1Ce livre s’inscrit dans le mouvement psychanalytique contemporain tel qu’il s’est particulièrement développé en France à la suite des travaux de Michel de M’Uzan sur “ les esclaves de la quantité ”, de Jean Cournut sur “ les désertiques et les défoncés ” et d’André Green sur les états limites. Tous ces travaux mettent en avant la prévalence du point de vue économique dans l’abord des pathologies actuelles, non névrotiques ; certains y associent la prise en compte de la dernière théorie pulsionnelle de Freud pour tenter de ramener les fonctionnements sis au-delà du principe de plaisir dans le champ du principe de plaisir. Mais c’est dans la tradition de l’École psychosomatique de Paris que Gérard Szwec se situe, se référant non seulement à la théorie de Pierre Marty mais surtout aux travaux de Denise Braunschweig et Michel Fain, particulièrement à la distinction proposée par ce dernier entre le calme et la satisfaction.
2Les « procédés autocalmants » que l’auteur nous propose, d’abord décrits avec Claude Smadja, sont ici développés dans diverses directions et approfondissent des questions tant cliniques que théoriques, intéressant la recherche psychosomatique et psychanalytique aussi bien celle de l’enfant que celle de l’adulte.

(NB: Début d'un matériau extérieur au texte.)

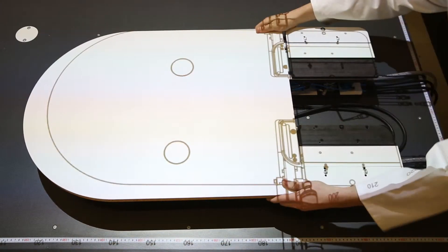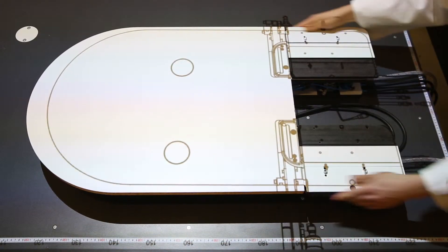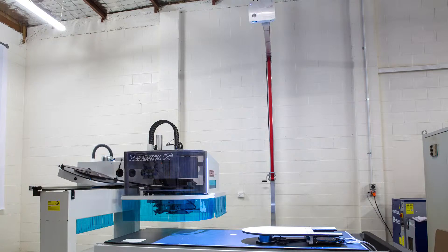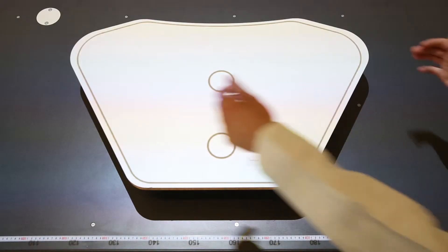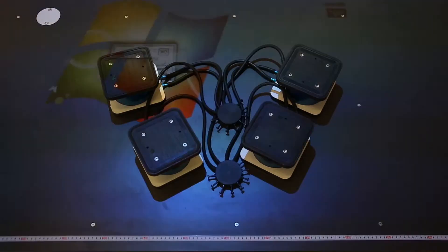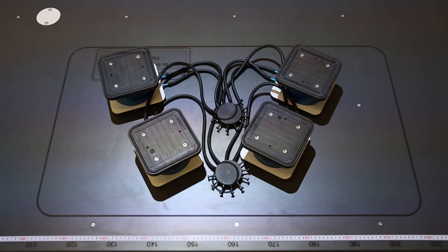An optional projection system is now available, which can also be retrofitted to existing machines. It uses a media projector to beam the panel shape onto the machine work surface. The simple projection file is transferred to the dedicated projection PC and can be called up by keypad or barcode.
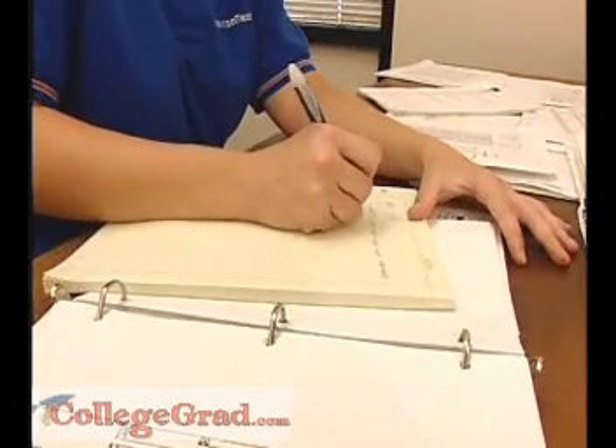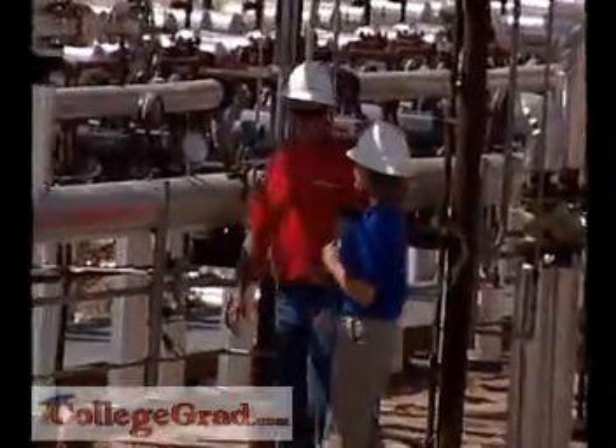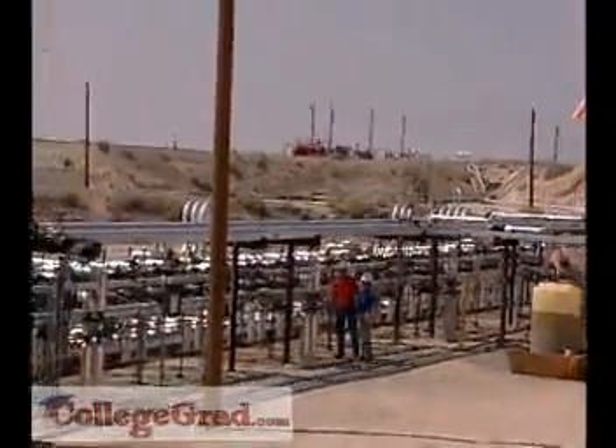A bachelor's degree in engineering is generally required. Two- or four-year technology programs may lead to similar jobs, but the individual can't register as a professional engineer under the same terms as graduates with a degree in engineering.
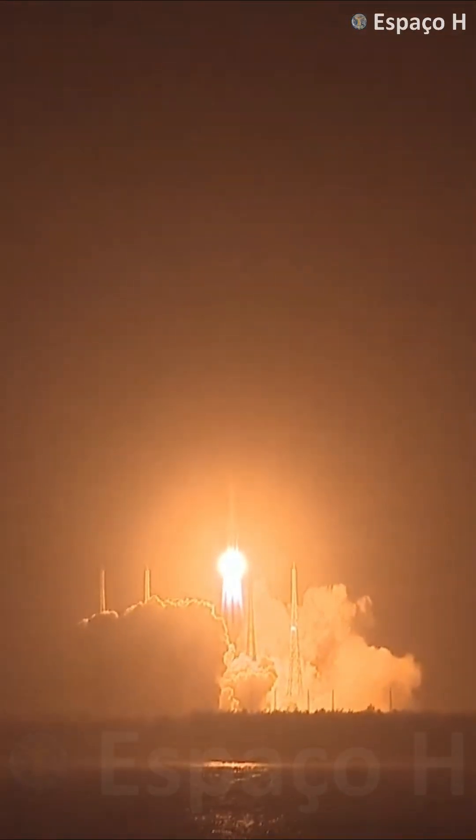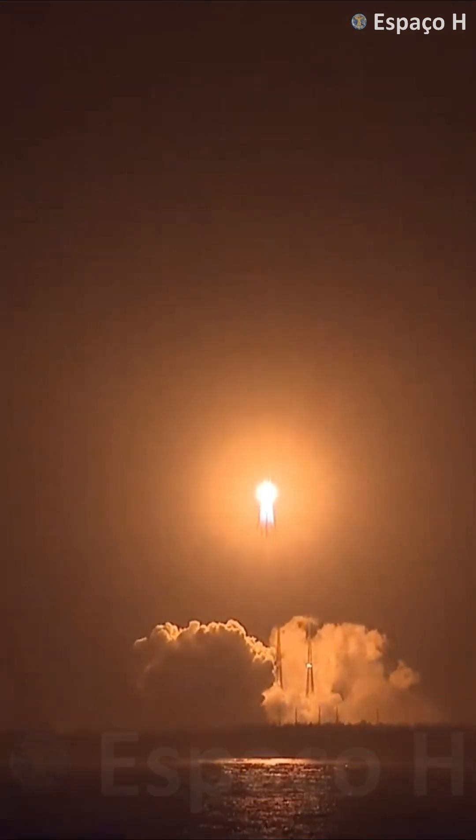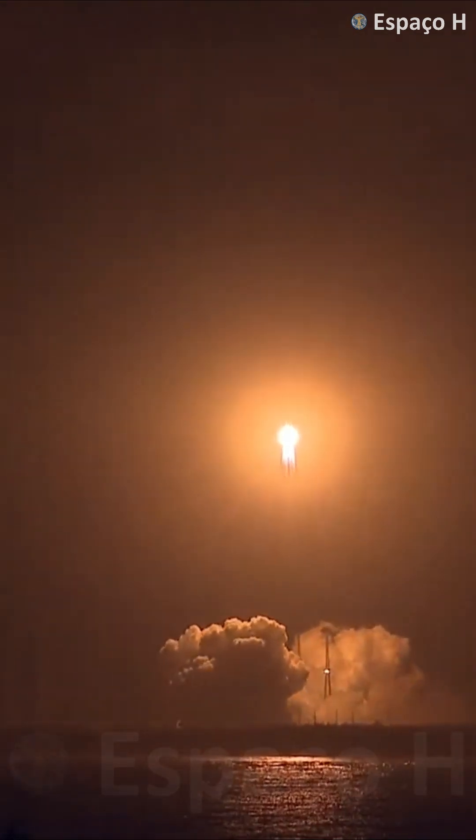So six engines — six YF-100 engines — ignite at the same moment. Four on the boosters with one engine each, and then two engines in the core stage.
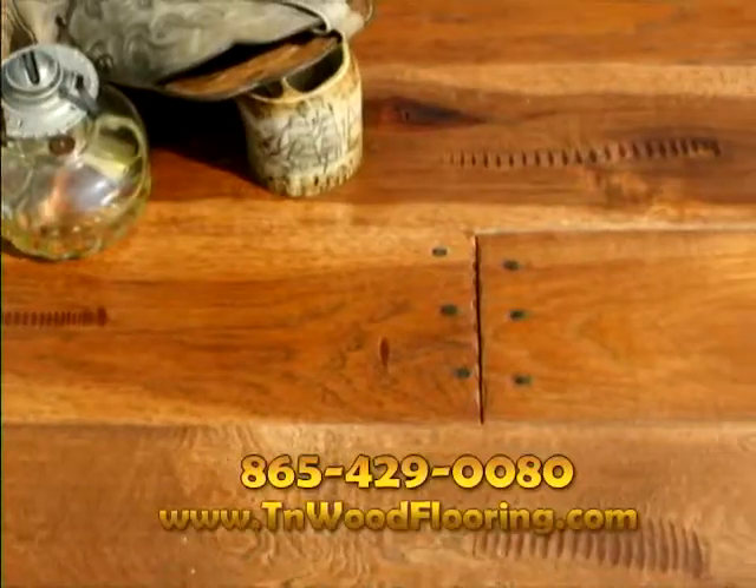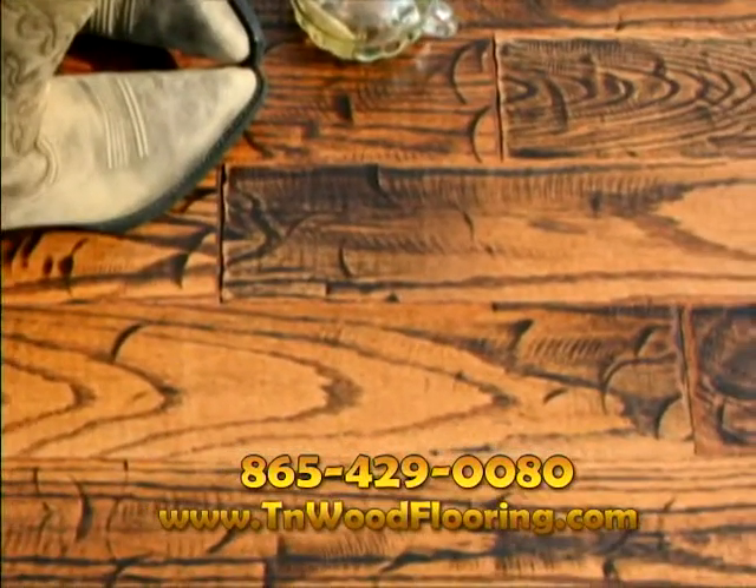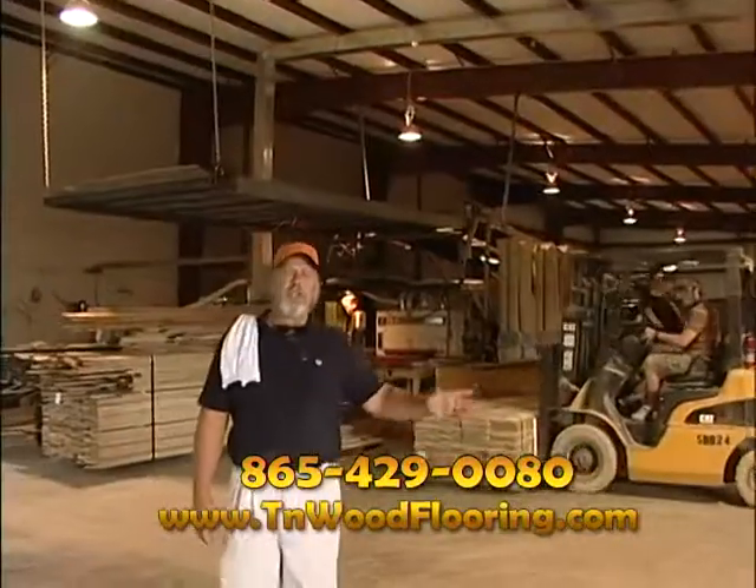So if you live in Raleigh and you're thinking of purchasing hardwood flooring and want to know where it comes from, give me a call, visit our webpage, and come see where it's made. Tennessee Wood Flooring — the Miracle.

3Gérard Szwec centre son propos sur le fonctionnement mental des « galériens volontaires », ces hommes qui « rament, courent, nagent jusqu’aux limites de leurs forces puis recommencent sous l’effet non d’un plaisir mais d’une contrainte de répétition d’un comportement à l’identique ». Sa thèse principale, fruit d’une réflexion qui s’étend sur six années, est que les galériens volontaires utilisent des procédés autocalmants pour s’empêcher de penser. Ces procédés résultent d’un surinvestissement moteur et perceptif visant à faire le vide dans l’appareil psychique et s’opposant à toute activité fantasmatique. La compulsion de répétition qui y œuvre exerce une contrainte qui ne trouve aucun soulagement dans la satisfaction. Ces procédés ne visent pas le plaisir et ne sont donc pas masochistes. Ils sont des substituts au masochisme primaire érogène et à l’auto-érotisme œdipien. Leur présence témoigne de la défaillance de la satisfaction hallucinatoire du désir du fait d’un défaut de constitution d’un pare-excitations de suffisante qualité. Cette défaillance est attribuée à une inadéquation des soins maternels qui n’ont pas fourni les expériences câlines suffisantes, un bercement apportant, selon la conception de Michel Fain, aussi bien des messages érotiques que des manifestations de l’instinct de mort. Enfin toutes ces conduites témoignent de fixations à des traumatismes précoces.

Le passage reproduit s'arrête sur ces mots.